Long Walls - in Athenian Strategy and Politics

In Athenian Strategy and Politics

The building of the Long Walls reflected a larger strategy that Athens had come to follow in the early 5th century. Unlike most Greek city states, which specialized in fielding hoplite armies, Athens, since the time of the building of her first fleet during a war with Aegina in the 480s BC, had focused on the navy as the centre of its military. With the founding of the Delian League in 477 BC, Athens became committed to the long term prosecution of a naval war against the Persians. Over the following decades, the Athenian navy became the mainstay of an increasingly imperial league, and Athenian control of the sea allowed the city to be supplied with grain from the Hellespont and Black Sea regions. The naval policy was not seriously questioned by either democrats or oligarchs during the years between 480 and 462 BC, but later, after Thucydides son of Melesias had made opposition to an imperialist policy a rallying cry of the oligarchic faction, the writer known as the Old Oligarch would identify the navy and democracy as inextricably linked, an inference echoed by modern scholars. The long walls were a critical factor in allowing the Athenian fleet to become the city's paramount strength.

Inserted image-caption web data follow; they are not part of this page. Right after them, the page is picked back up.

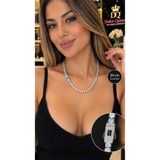 DOLCE QUEEN Xuping Işıltılı Zarif Taşlı Su Yolu Kadın Kolye Gümüş 20 cm DQ000001160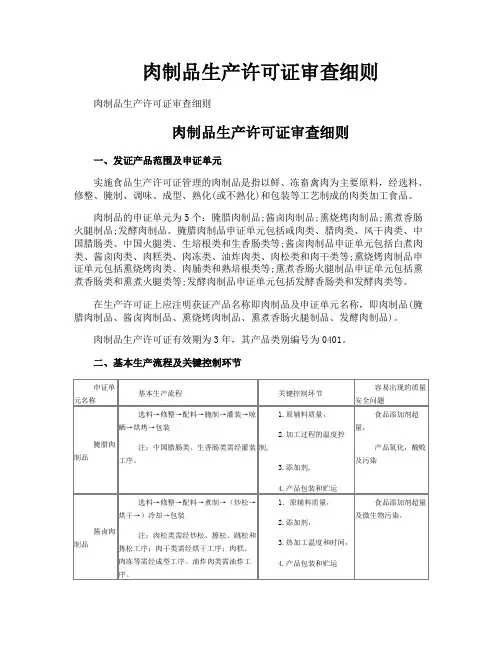 肉制品生产许可证审查细则
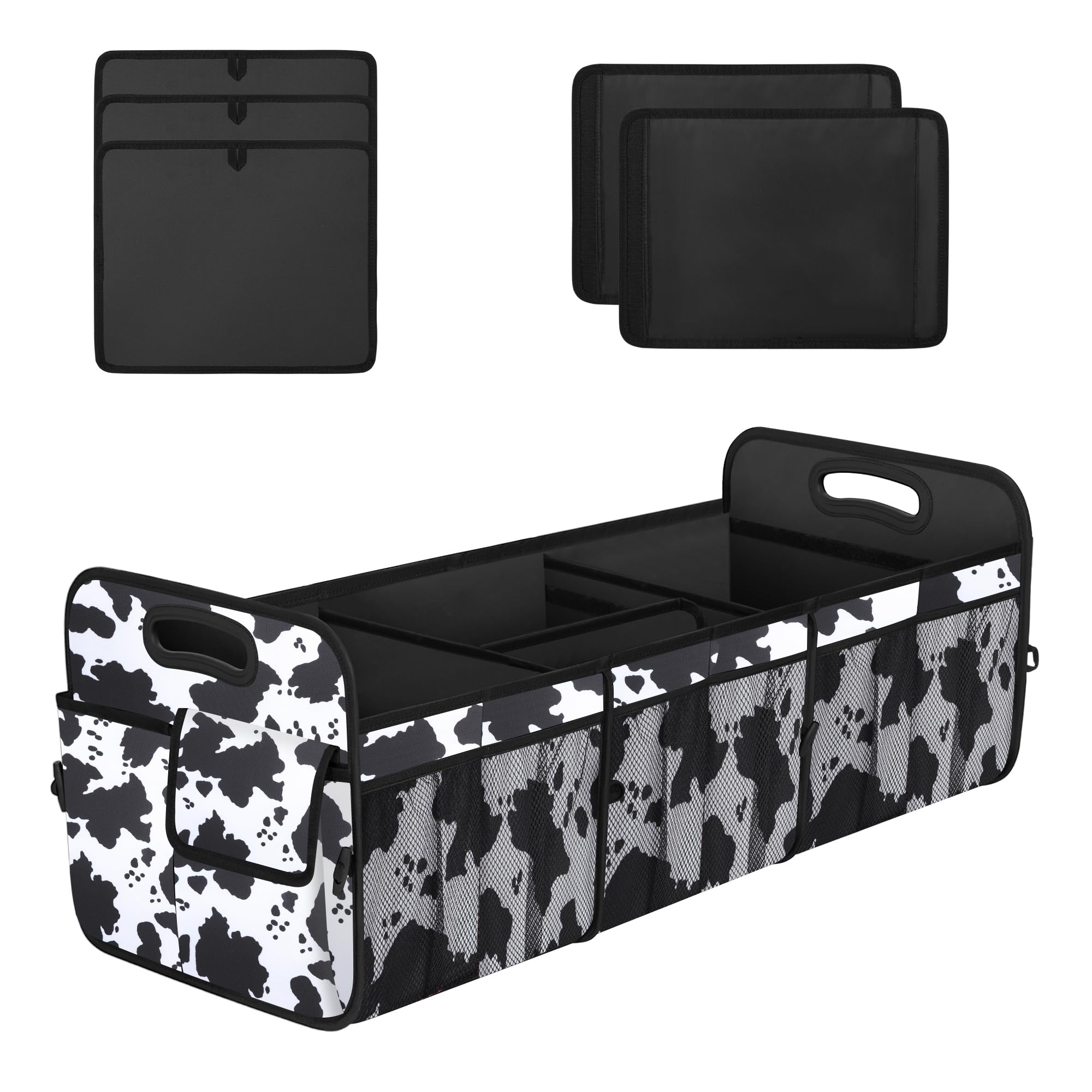 Femuar Trunk Organizer for Car, 90L Extra Large Size, Cow print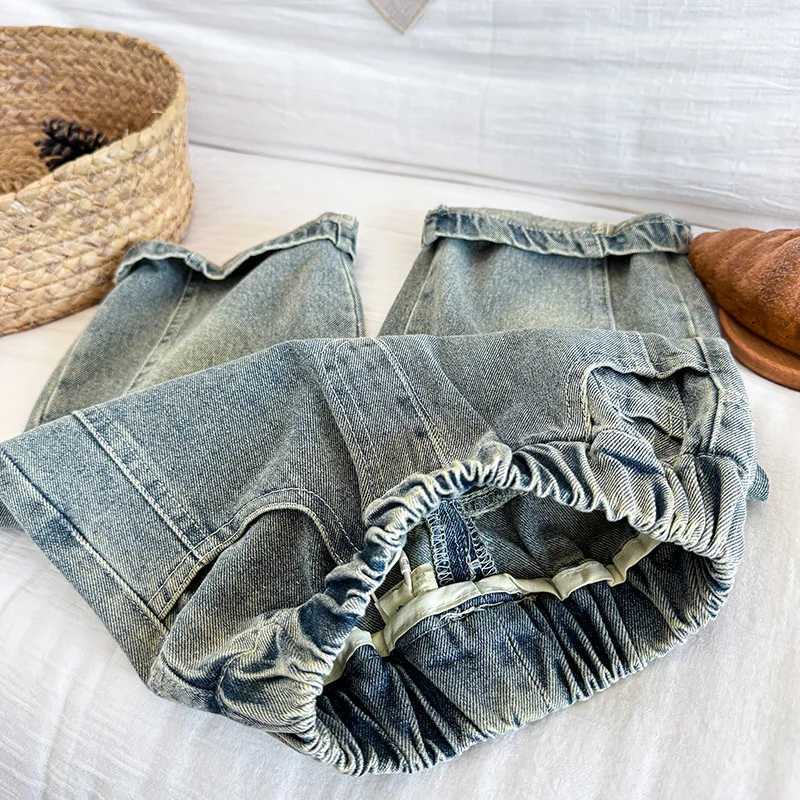 2024 Autumn Girls 2-8 Years Loose Wide Leg Jeans Pants Kids Casual Denim Trousers Z250220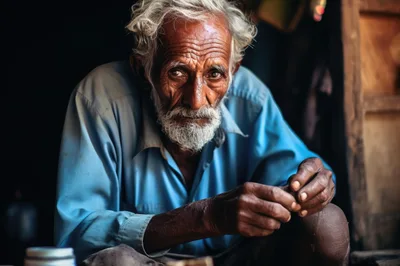 Elderly Man With Weathered Face Sitting In Dim Light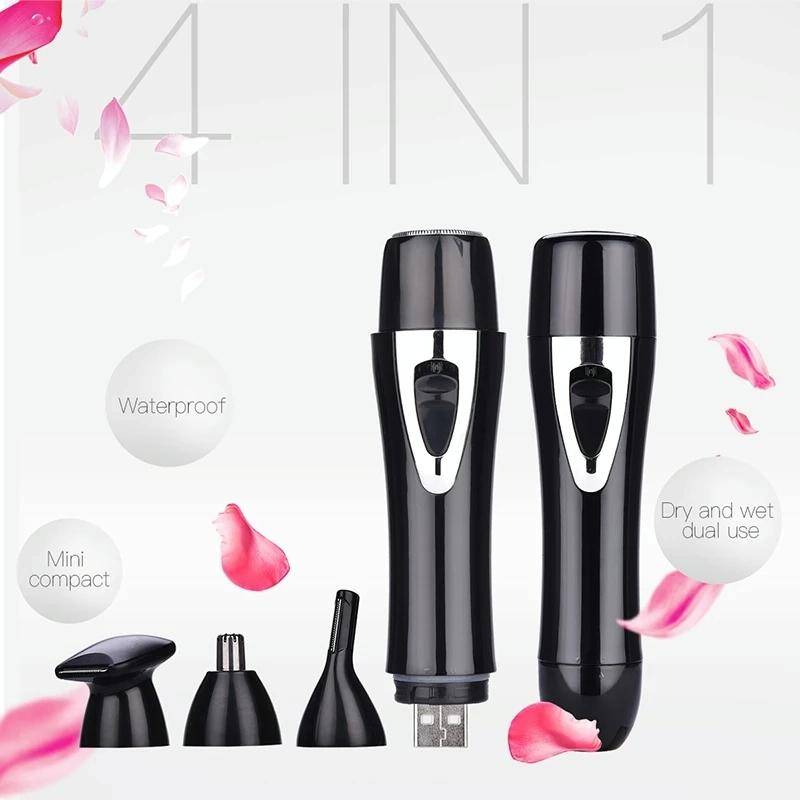 2 in 1 Lady Shaving Hair Removal Device Electric Mini Shaving Nose Hair Remover(Pink)
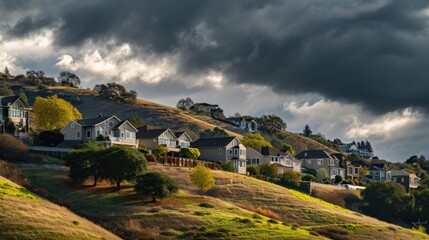 Fototapeta na wymiar Silicon Valley Winter Wonderland: New Homes in Dublin Hills Amidst Approaching Storm Clouds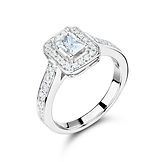 4 Claw Radiant Cut Halo with Grain Set Shoulders Mount Ring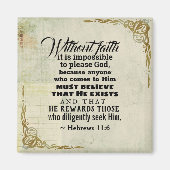 Aimant Hébreux 11:6 Sans foi, il est impossible de... (Devant)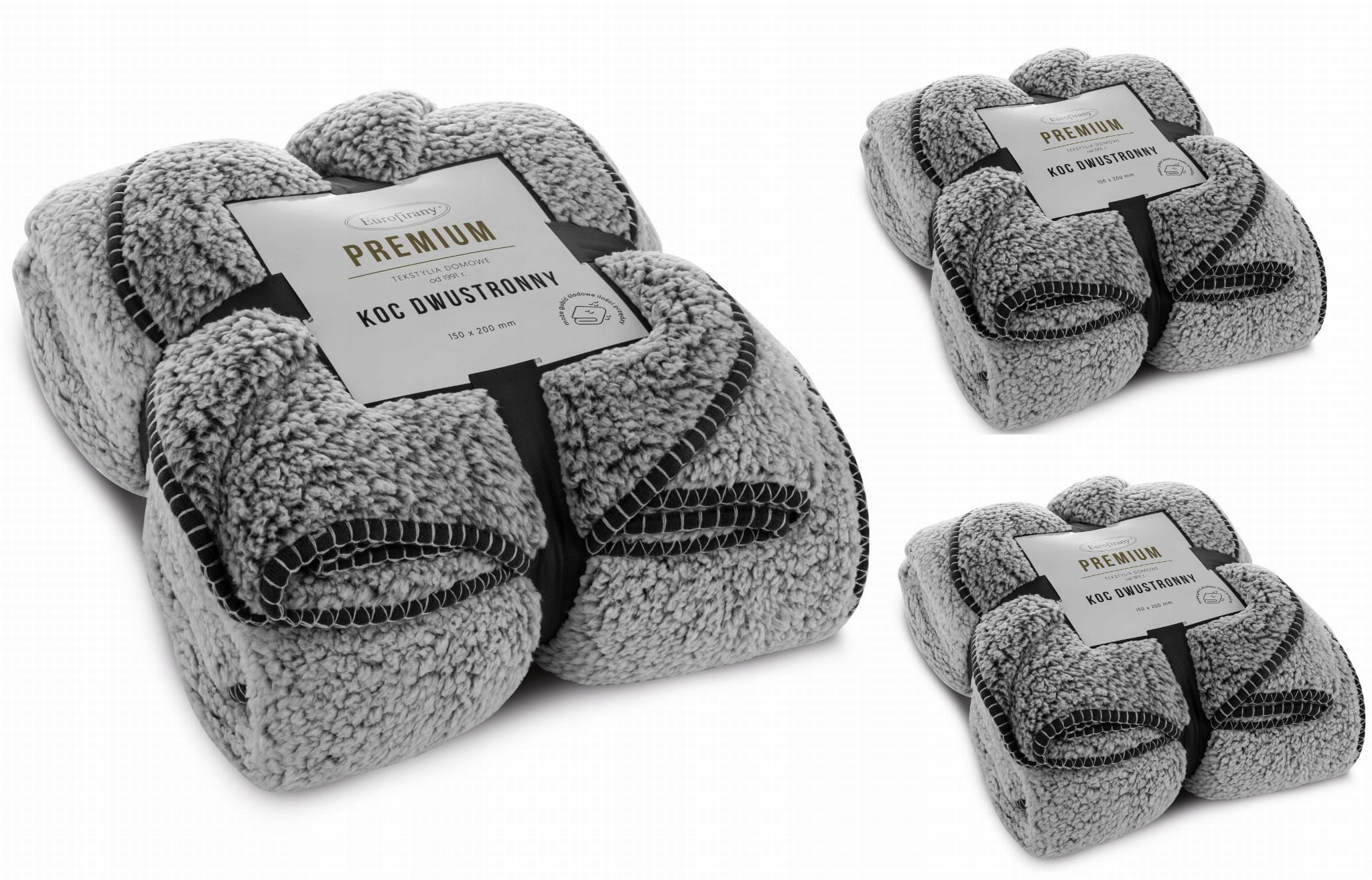 Stalowy Komplet Narzut Na Kanapę i Fotele 170x210 2x70x160 Eurofirany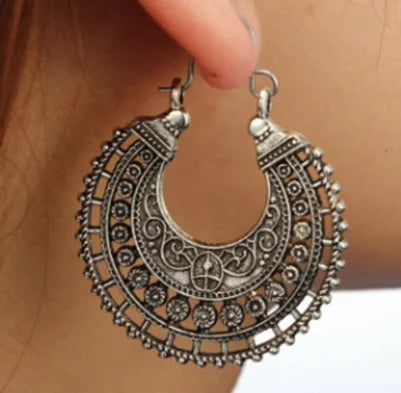 Bohemian Ethnic Hoop Earrings Handmade Vintage Tribal Jewelry For Women
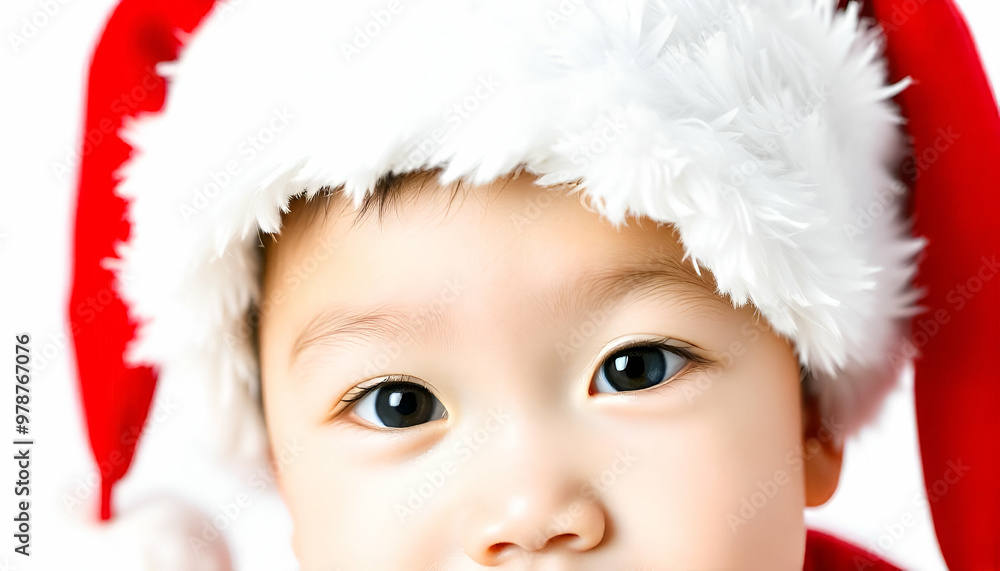 A young Asian baby boy wearing a red Santa hat, looking directly at the camera with a serious expression, white background 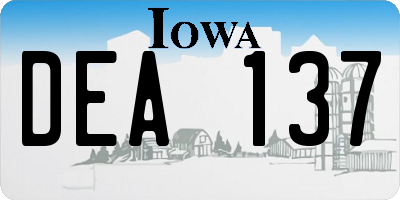 IA license plate DEA137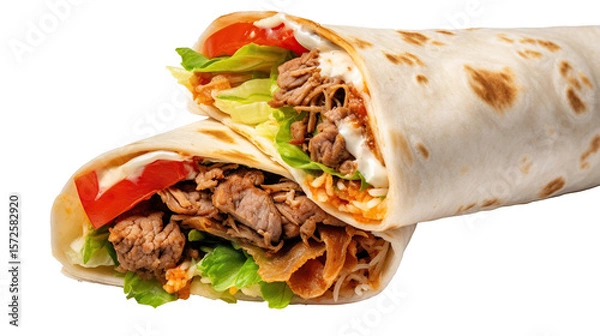 Obraz Spicy Mexican chicken wrap, a healthy tortilla meal with grilled meat and fresh vegetables, perfect for a quick lunch or dinner, isolated on transparent background. PNG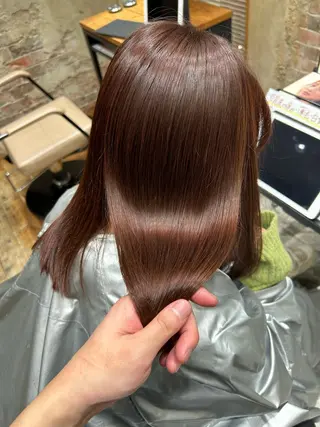 ミディアム カラー パーマ 銀座✨レイヤーカット 顔まわり/坂本亜裟海のヘアスタイル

With the building of the Long Walls, Athens essentially became an island within the mainland, in that no strictly land based force could hope to capture it. (In ancient Greek warfare, it was all but impossible to take a walled city by any means other than starvation and surrender.) Thus, Athens could rely on her powerful fleet to keep her safe in any conflict with other cities on the Greek mainland. The walls were completed in the aftermath of the Athenian defeat at Tanagra, in which a Spartan army defeated the Athenians in the field but was unable to take the city because of the presence of the city walls; seeking to secure their city even against siege, the Athenians completed the long walls; and, hoping to prevent all invasions of Attica, they also seized Boeotia, which, as they already controlled Megara, put all approaches to Attica in friendly hands. For most of the First Peloponnesian War, Athens was indeed unassailable by land, but the loss of Megara and Boeotia at the end of that war forced the Athenians to turn back to the long walls as their source of defense.